Nous, Barbedor, doyen de l'église de Paris et tout le chapitre de la même église, nous voulons que soit connu de tous, tant présents qu'à venir, que, lorsque messire Josse de Londres est revenu de Jérusalem, ayant considéré avec la plus soigneuse dévotion l'assistance qui est portée aux pauvres et aux malades dans l'hôpital de la bienheureuse Marie de Paris, il vit là une chambre dans laquelle selon un vieil usage étaient hébergés les pauvres clercs et, sur notre conseil et celui de maître Hilduin, chancelier de Paris, alors procureur du même lieu, il en fit l'acquisition à perpétuité pour le prix de 52 livres auprès des procureurs de la même maison pour l'usage desdits clercs, sous cette condition que les procureurs de celle-ci fourniraient à titre perpétuel à 18 clercs écoliers des lits convenables et chaque mois douze deniers pris sur les aumônes qui sont recueillies dans le coffre.

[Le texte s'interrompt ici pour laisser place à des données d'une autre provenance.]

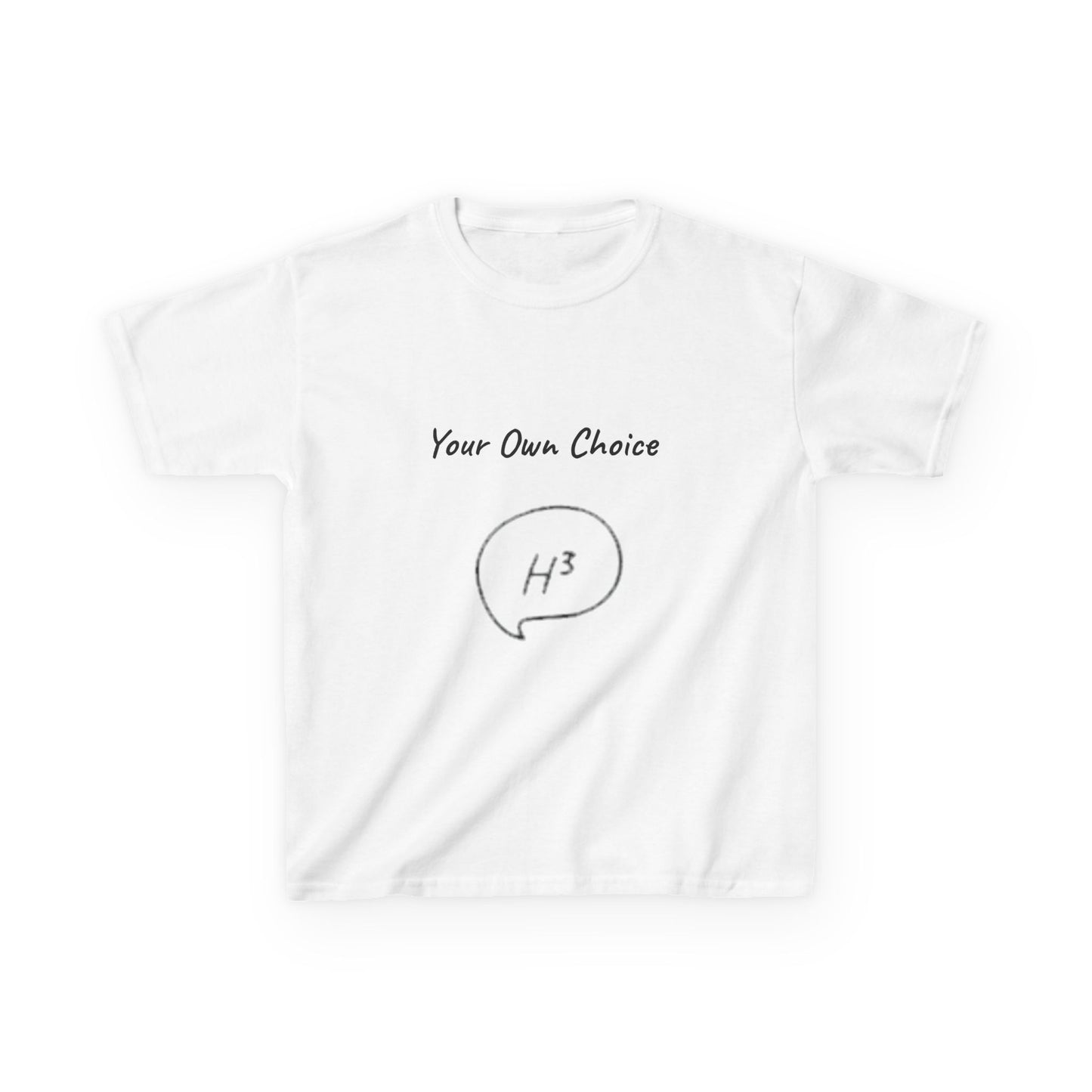 Kids Heavy Cotton™ Tee (New)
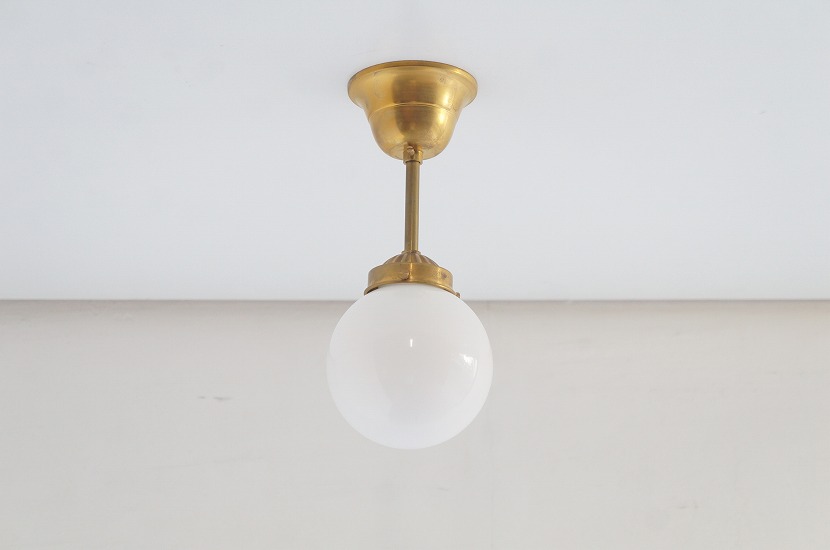 HOMEWARD [ホームワード] / MIDWAY School House Ceiling Lamp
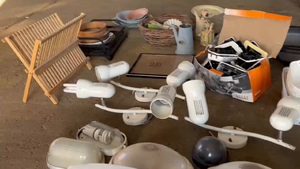 Lote LOTE DE VARIOS Y LUCES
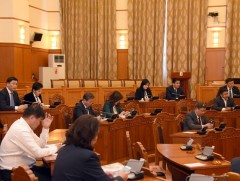 “Импортын барааны гаалийн албан татварын хувь, хэмжээ батлах тухай тогтоолын хавсралтад өөрчлөлт о..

En contrepartie. lesdits clercs devront à tour de rôle porter la croix et l'eau bénite devant les corps des personnes décédées dans la même maison et célébrer chaque nuit sept psaumes de pénitence et les prières dues et instituées anciennement. Afin que ces dispositions demeurent fermes et stables, ledit Josse a obtenu que cette charte de notre institution soit faite par lesdits clercs et a demandé qu'elle soit confirmée par l'impression au bas de notre sceau. Fait publiquement à Paris, en notre chapitre, l'an de l'Incarnation du Seigneur 1180.
[Suivent les signa du doyen Barbedor et de tous les autres dignitaires ou simples clercs du chapitre de Notre-Dame].

 
 

H. Denifle, Chartularium universitatis Parisiensis, t. 1, Paris, 1899, p. 49-50 (n° 50). Traduction du latin.